Sam se aturulló un poco, pero no le cambió la voz:
—¿Cuál es la diferencia entre que conduzcas tú y que conduzca yo?
—¡No lo sé! ¡Así me siento más cómoda! —su mano seguía extendida, esperando la llave—. En las películas nadie conduce hacia su propia muerte.
Sam me miró. Su cara parecía decir: «¡Grace, socorro!».
—Rachel —dije con firmeza—, ¿sabes manejar el cambio de marchas?
—No —repuso Rachel—. Pero aprendo rápido.
—Rachel… —dije mirándola.
—Grace, reconoce que esto es bastante raro. Tú desapareces del hospital, y Olivia… y de repente Sam se presenta contigo y, qué quieres que te diga, lo de las setas alucinógenas parece cada vez más posible, sobre todo si empiezas a hablar de lobos. Solo falta que aparezca Isabel Culpeper diciendo que los alienígenas van a abducirnos a todos; mi frágil estado emocional no podría soportarlo. Creo que…
Suspiré.
—Rachel.
—Vale —dijo.
Tiró la mochila en el asiento de atrás y subió al coche.
Mientras nos dirigíamos a casa de Beck, con Sam conduciendo, yo a su lado y Rachel en el asiento de atrás, me inundó una añoranza repentina e inexplicable. De pronto eché de menos mi casa, y me desesperó pensar en la vida que había perdido. En realidad, no sabía qué era lo que echaba de menos —no a mis padres, porque estaba más que acostumbrada a no verlos— hasta que me di cuenta de que lo que había provocado aquella sensación era el olor a fresa, increíblemente empalagoso, del champú de Rachel. Aquello era lo que echaba de menos: las tardes y noches con Rachel, encerradas en su habitación, apoderándonos de la cocina de mis padres o acompañando a Olivia en una de sus excursiones fotográficas. No era mi casa lo que echaba de menos, sino a las personas. Y la vida.

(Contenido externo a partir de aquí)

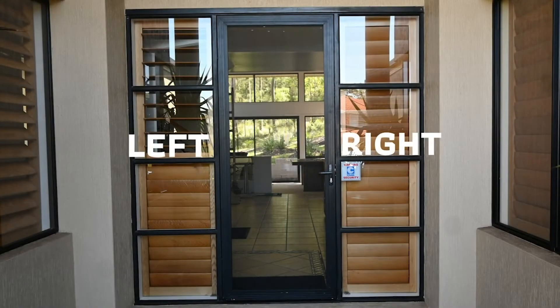Remember, it is imperative that we have your lock measurements from the outside looking in. In this case the door lock is on the right — we are on the outside looking in.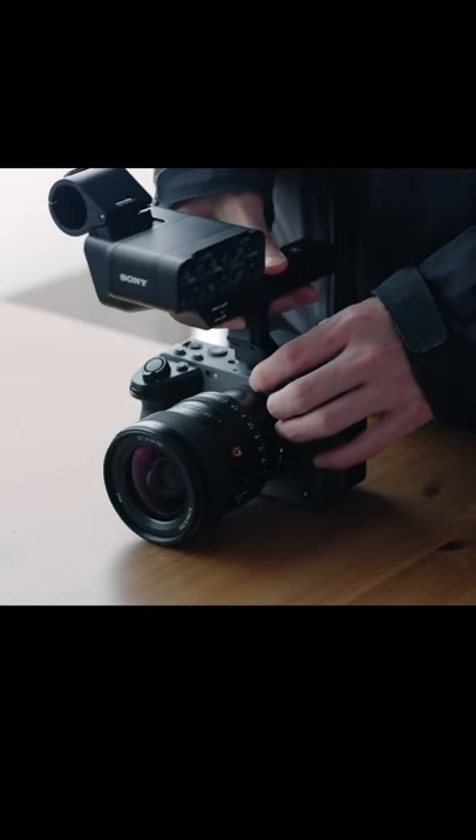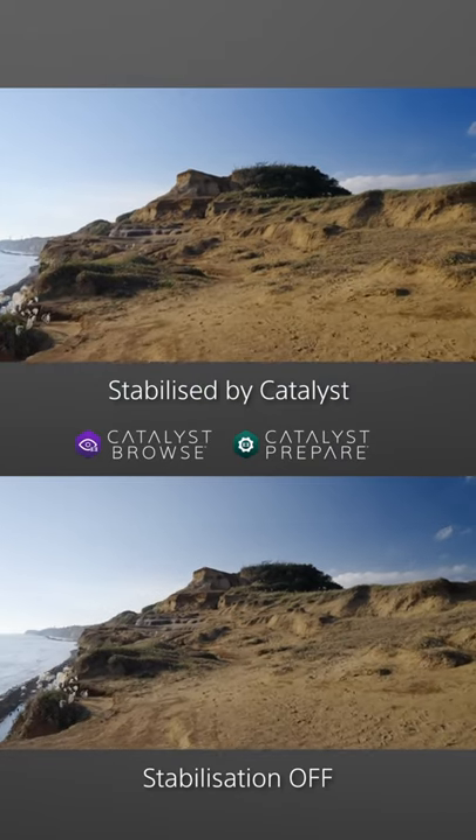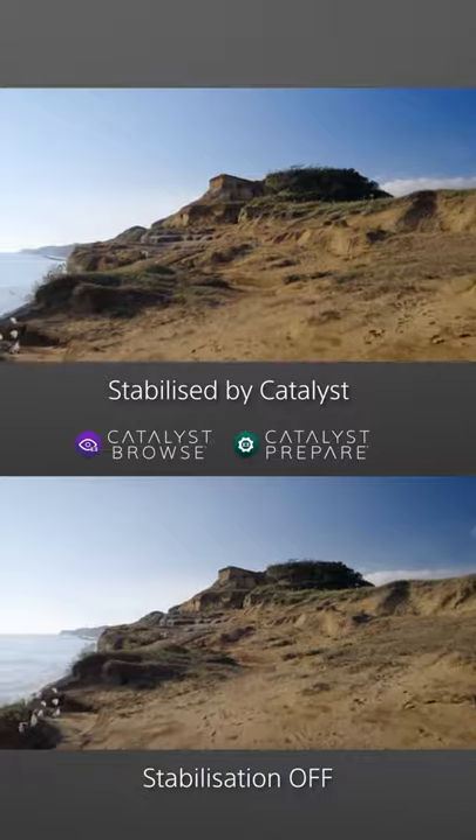Put a top handle on that has XLR audio inputs. Built-in five-axis image stabilization. Flip-out screen — that's the basics of this new Sony camera.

Me giré hacia atrás y estiré el brazo hacia Rachel, aunque no alcancé a tocarla con los dedos. Ella se limitó a agarrarme la mano y la apretó con fuerza. Así nos quedamos durante el resto del trayecto, yo medio vuelta hacia atrás, ella inclinada un poco hacia delante y las dos con las manos apoyadas en el respaldo de mi asiento. Sam tampoco dijo nada, aparte de «huy, perdón», cuando bajó de marcha antes de tiempo y el coche dio una sacudida.
Luego, cuando llegamos a la casa, se lo conté todo: desde el momento en que los lobos se me habían llevado a rastras del columpio, hasta el día en que había estado a punto de morir ahogada con mi propia sangre. Y todo lo que había sucedido entre medias. Nunca había visto a Sam tan nervioso, pero yo no estaba preocupada. Desde el momento en que le había dado la mano en el coche, supe que en aquella extraña y nueva vida Rachel era una de las cosas que iba a tener que conservar.